What the task asks
Copy task, pictures excluded: set down exactly the lines from the one containing "thumbnail image 5" to the end of the data below.

The input
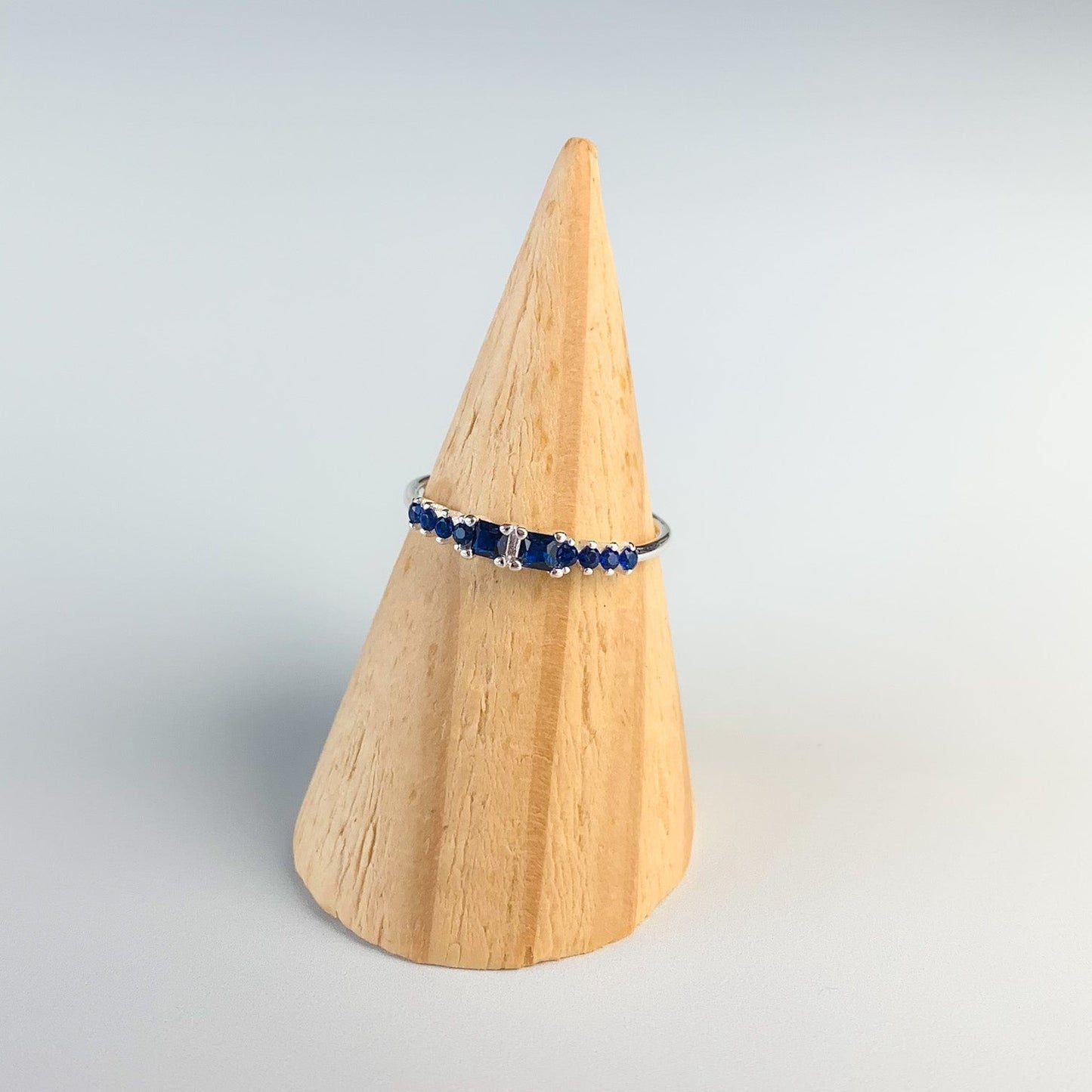 White or Sapphire Blue Crystal Ring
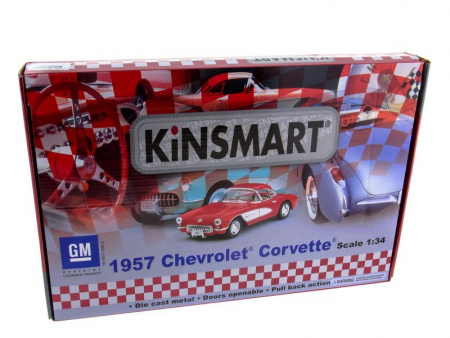 Фото Машина Kinsmart "Chevrolet Corvette 1957" инерция (1/12шт.) 1:34 б/к | Инномарт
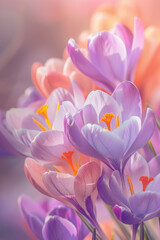 A variety of pink and purple crocus flowers arranged in a vase, creating a colorful and vibrant display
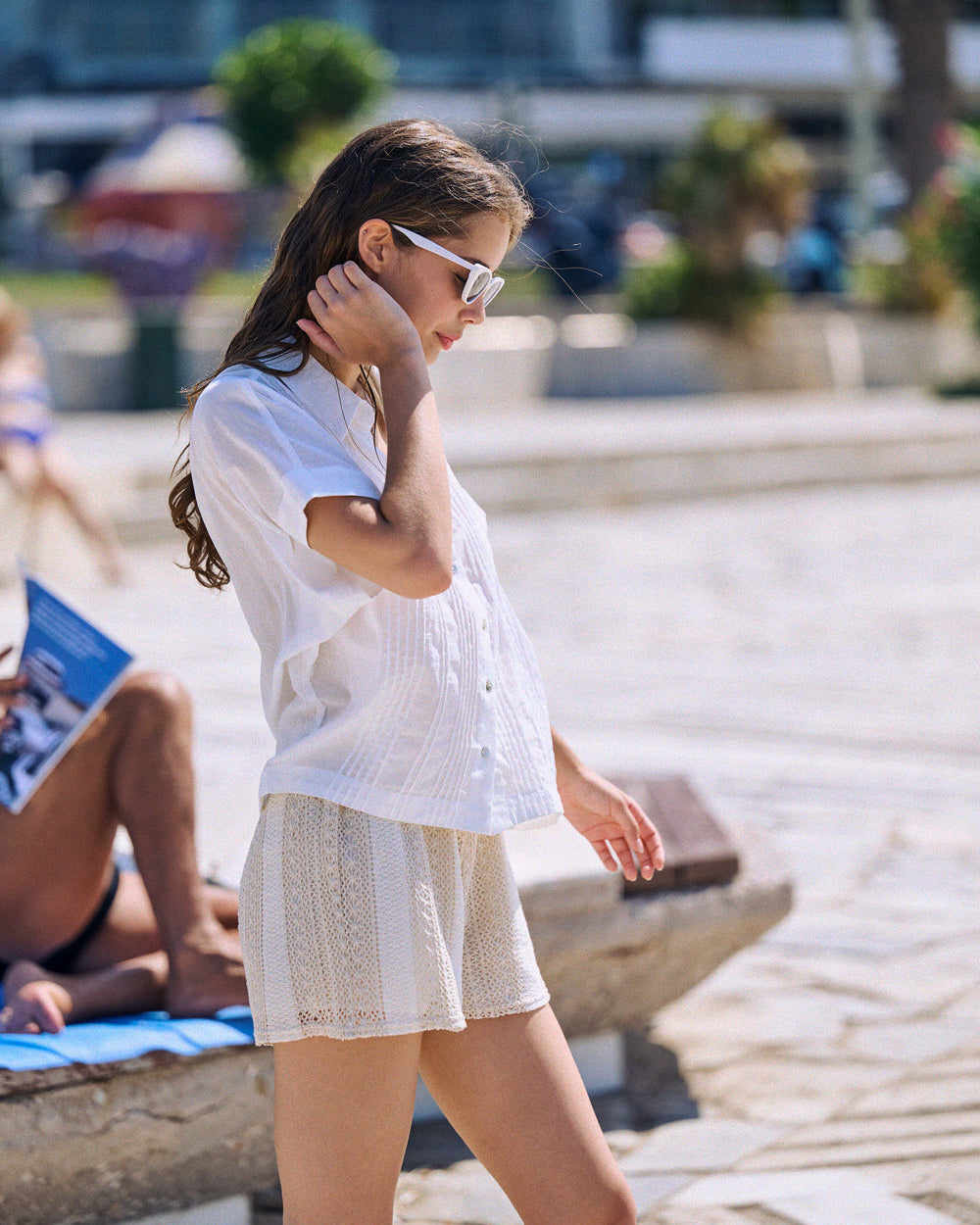 Short Salma en crochet beige
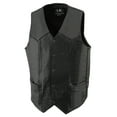 thumbnail image 5 of Milwaukee Leather SH1310Tall Men's Black Leather Classic V-Neck Motorcycle Rider Vest w/ Snap Button Closure 46-Tall, 5 of 7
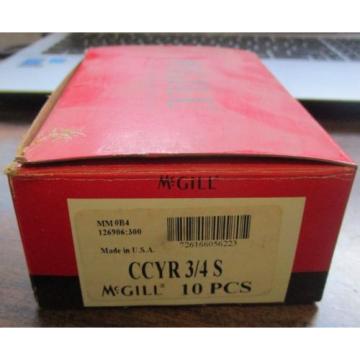 MCGILL BOX OF 10 CAM YOKE ROLLER BEARINGS CCYR 3/4S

Solution to this problem
 thumbnail image 5 of Milwaukee Leather SH1310Tall Men's Black Leather Classic V-Neck Motorcycle Rider Vest w/ Snap Button Closure 46-Tall, 5 of 7
 MCGILL BOX OF 10 CAM YOKE ROLLER BEARINGS CCYR 3/4S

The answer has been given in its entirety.